Assignment 1: Lexical Analysis

Overview

In the first part of the compiler project, you are going to develop a scanner to perform lexical analysis of SIMPLE programs. You are also going to hack the basic driver program which you will use for the rest of the semester to integrate more and more components of your compiler. You can get the complete concrete grammar for the SIMPLE programming language here.

Problem 1: Driver Program (20%)

The final compiler will consist of a number of modules and classes working together to translate programs written in SIMPLE into equivalent programs written in assembly language. While these “bits and pieces” are spread out over the entire semester, you can already implement the basic driver program that will orchestrate their work. The driver will be called sc and is invoked from the shell as follows:

Invocation = "./sc" ["-" ("s"|"c"|"t"|"a"|"i")] [filename] .

This describes the syntax of the command line in EBNF. After ./sc itself, the user can supply one option (introduced by “-”) to tell the driver which parts of the compiler to run and what kind of output to produce.

Arguments and Options

For this assignment, the option “-s” to run the scanner by itself and to produce a list of recognized tokens is the only relevant option. If another option, or no option at all, is given, you should abort with an error message (see below). Eventually “no option” will mean “generate code” as it does for “real” compilers.
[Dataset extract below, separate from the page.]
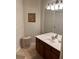Bathroom vanity features a wood cabinet with a white sink and neutral-toned walls at 4024 Breakview Dr # 10804, Orlando, FL 32819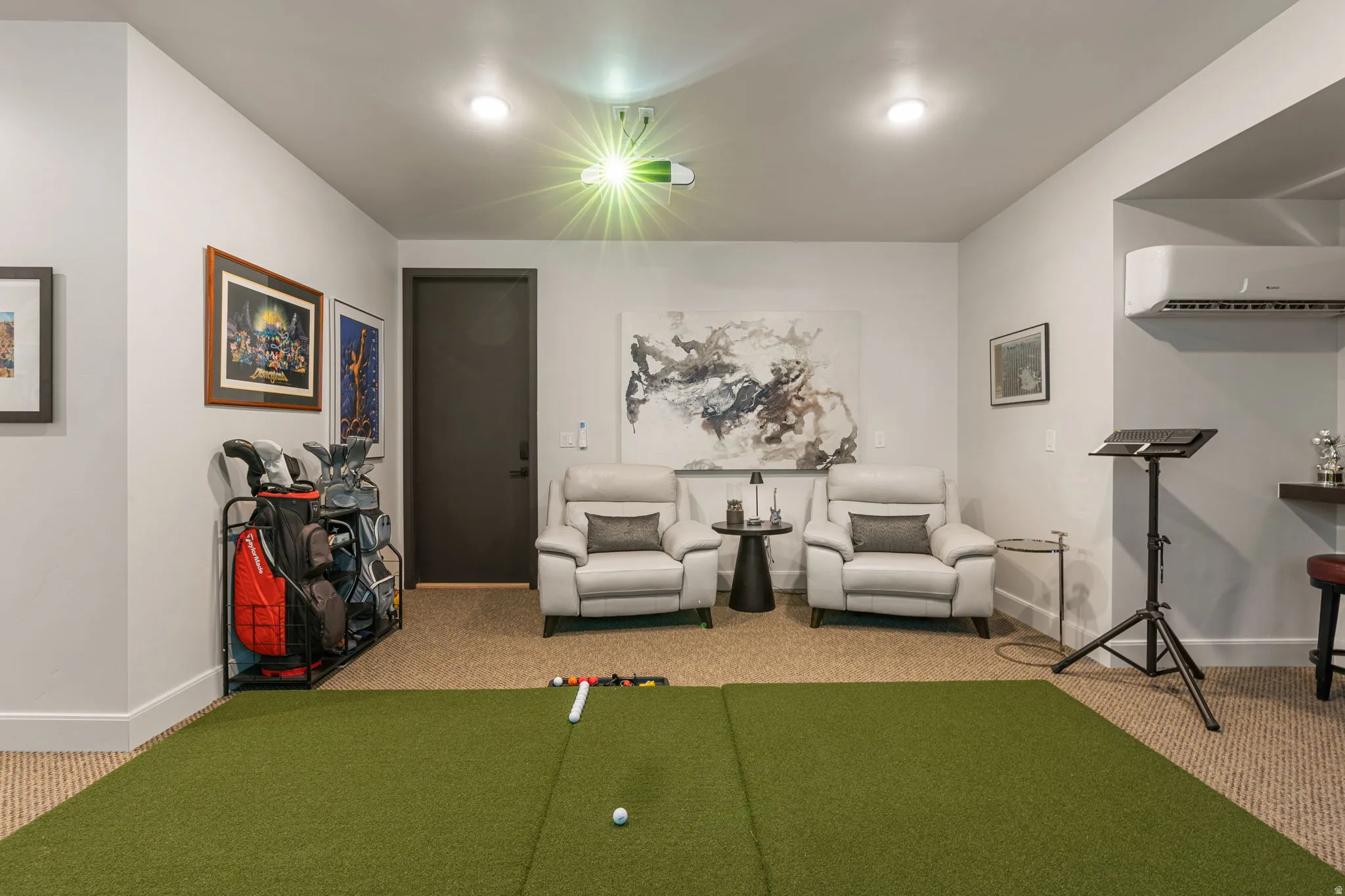 Golf simulator area with viewing area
If a second argument is given, it is assumed to be the file name of a SIMPLE program to process. If no filename is given, you should read the program from standard input instead. Eventually this will also determine whether the output goes to standard output or to a file, but for now all your output goes to standard output.

Error Handling

If you detect an error, whether in this or future assignments, you should output (to standard error of course) an error message in the following form:

error: some helpful description

You must output the string “error:” on a new line, followed by one blank, followed by whatever text makes sense for the error in question. Our automated grading suite relies on this format and you’ll get penalized if you do something else. Note that if an error is detected in this assignment, the (partial) list of tokens should still be output.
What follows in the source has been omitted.